• Task objective: Retype exactly the lines that run from the line with "Infantil Menina Conjunto" to the final line of the entries, keeping both ends and nothing else.
-- Dataset excerpts follows --
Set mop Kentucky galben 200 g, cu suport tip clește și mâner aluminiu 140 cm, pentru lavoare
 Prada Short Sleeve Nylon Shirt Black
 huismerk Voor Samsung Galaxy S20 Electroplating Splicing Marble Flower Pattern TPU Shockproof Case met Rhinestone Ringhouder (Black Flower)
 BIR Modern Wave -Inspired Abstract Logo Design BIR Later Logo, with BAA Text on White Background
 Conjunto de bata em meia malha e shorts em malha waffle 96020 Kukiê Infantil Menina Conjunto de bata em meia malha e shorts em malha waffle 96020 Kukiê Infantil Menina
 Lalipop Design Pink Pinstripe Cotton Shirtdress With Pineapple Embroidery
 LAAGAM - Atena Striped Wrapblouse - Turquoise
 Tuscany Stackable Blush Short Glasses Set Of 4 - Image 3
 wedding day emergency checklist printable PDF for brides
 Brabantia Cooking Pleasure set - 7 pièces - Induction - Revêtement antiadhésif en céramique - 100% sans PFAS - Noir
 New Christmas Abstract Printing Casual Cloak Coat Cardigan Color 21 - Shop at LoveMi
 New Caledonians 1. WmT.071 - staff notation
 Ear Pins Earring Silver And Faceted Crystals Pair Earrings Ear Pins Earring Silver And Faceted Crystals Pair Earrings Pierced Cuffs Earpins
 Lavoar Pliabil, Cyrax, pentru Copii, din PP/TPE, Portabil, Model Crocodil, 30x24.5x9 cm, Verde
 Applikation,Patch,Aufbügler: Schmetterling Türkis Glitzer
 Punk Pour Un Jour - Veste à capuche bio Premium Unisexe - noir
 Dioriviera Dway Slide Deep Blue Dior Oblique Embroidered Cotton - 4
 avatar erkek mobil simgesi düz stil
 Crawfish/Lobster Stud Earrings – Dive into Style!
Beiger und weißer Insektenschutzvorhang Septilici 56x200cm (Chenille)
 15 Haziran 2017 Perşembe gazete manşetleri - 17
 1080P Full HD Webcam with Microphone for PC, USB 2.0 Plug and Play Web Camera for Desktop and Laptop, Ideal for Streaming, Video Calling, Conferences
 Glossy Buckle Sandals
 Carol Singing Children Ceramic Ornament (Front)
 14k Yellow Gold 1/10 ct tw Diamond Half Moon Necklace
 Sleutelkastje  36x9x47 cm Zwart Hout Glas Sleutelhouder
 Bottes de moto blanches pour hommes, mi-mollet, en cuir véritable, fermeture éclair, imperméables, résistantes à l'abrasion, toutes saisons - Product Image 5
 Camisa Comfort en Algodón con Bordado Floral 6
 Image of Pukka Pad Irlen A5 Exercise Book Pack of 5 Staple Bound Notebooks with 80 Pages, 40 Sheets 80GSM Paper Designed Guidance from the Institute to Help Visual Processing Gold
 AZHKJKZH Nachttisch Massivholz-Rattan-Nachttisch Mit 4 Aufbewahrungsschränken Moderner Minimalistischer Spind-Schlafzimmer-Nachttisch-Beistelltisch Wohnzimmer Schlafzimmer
-- Dataset excerpts concluded --
• Response to the task:
 Conjunto de bata em meia malha e shorts em malha waffle 96020 Kukiê Infantil Menina Conjunto de bata em meia malha e shorts em malha waffle 96020 Kukiê Infantil Menina
 Lalipop Design Pink Pinstripe Cotton Shirtdress With Pineapple Embroidery
 LAAGAM - Atena Striped Wrapblouse - Turquoise
 Tuscany Stackable Blush Short Glasses Set Of 4 - Image 3
 wedding day emergency checklist printable PDF for brides
 Brabantia Cooking Pleasure set - 7 pièces - Induction - Revêtement antiadhésif en céramique - 100% sans PFAS - Noir
 New Christmas Abstract Printing Casual Cloak Coat Cardigan Color 21 - Shop at LoveMi
 New Caledonians 1. WmT.071 - staff notation
 Ear Pins Earring Silver And Faceted Crystals Pair Earrings Ear Pins Earring Silver And Faceted Crystals Pair Earrings Pierced Cuffs Earpins
 Lavoar Pliabil, Cyrax, pentru Copii, din PP/TPE, Portabil, Model Crocodil, 30x24.5x9 cm, Verde
 Applikation,Patch,Aufbügler: Schmetterling Türkis Glitzer
 Punk Pour Un Jour - Veste à capuche bio Premium Unisexe - noir
 Dioriviera Dway Slide Deep Blue Dior Oblique Embroidered Cotton - 4
 avatar erkek mobil simgesi düz stil
 Crawfish/Lobster Stud Earrings – Dive into Style!
Beiger und weißer Insektenschutzvorhang Septilici 56x200cm (Chenille)
 15 Haziran 2017 Perşembe gazete manşetleri - 17
 1080P Full HD Webcam with Microphone for PC, USB 2.0 Plug and Play Web Camera for Desktop and Laptop, Ideal for Streaming, Video Calling, Conferences
 Glossy Buckle Sandals
 Carol Singing Children Ceramic Ornament (Front)
 14k Yellow Gold 1/10 ct tw Diamond Half Moon Necklace
 Sleutelkastje  36x9x47 cm Zwart Hout Glas Sleutelhouder
 Bottes de moto blanches pour hommes, mi-mollet, en cuir véritable, fermeture éclair, imperméables, résistantes à l'abrasion, toutes saisons - Product Image 5
 Camisa Comfort en Algodón con Bordado Floral 6
 Image of Pukka Pad Irlen A5 Exercise Book Pack of 5 Staple Bound Notebooks with 80 Pages, 40 Sheets 80GSM Paper Designed Guidance from the Institute to Help Visual Processing Gold
 AZHKJKZH Nachttisch Massivholz-Rattan-Nachttisch Mit 4 Aufbewahrungsschränken Moderner Minimalistischer Spind-Schlafzimmer-Nachttisch-Beistelltisch Wohnzimmer Schlafzimmer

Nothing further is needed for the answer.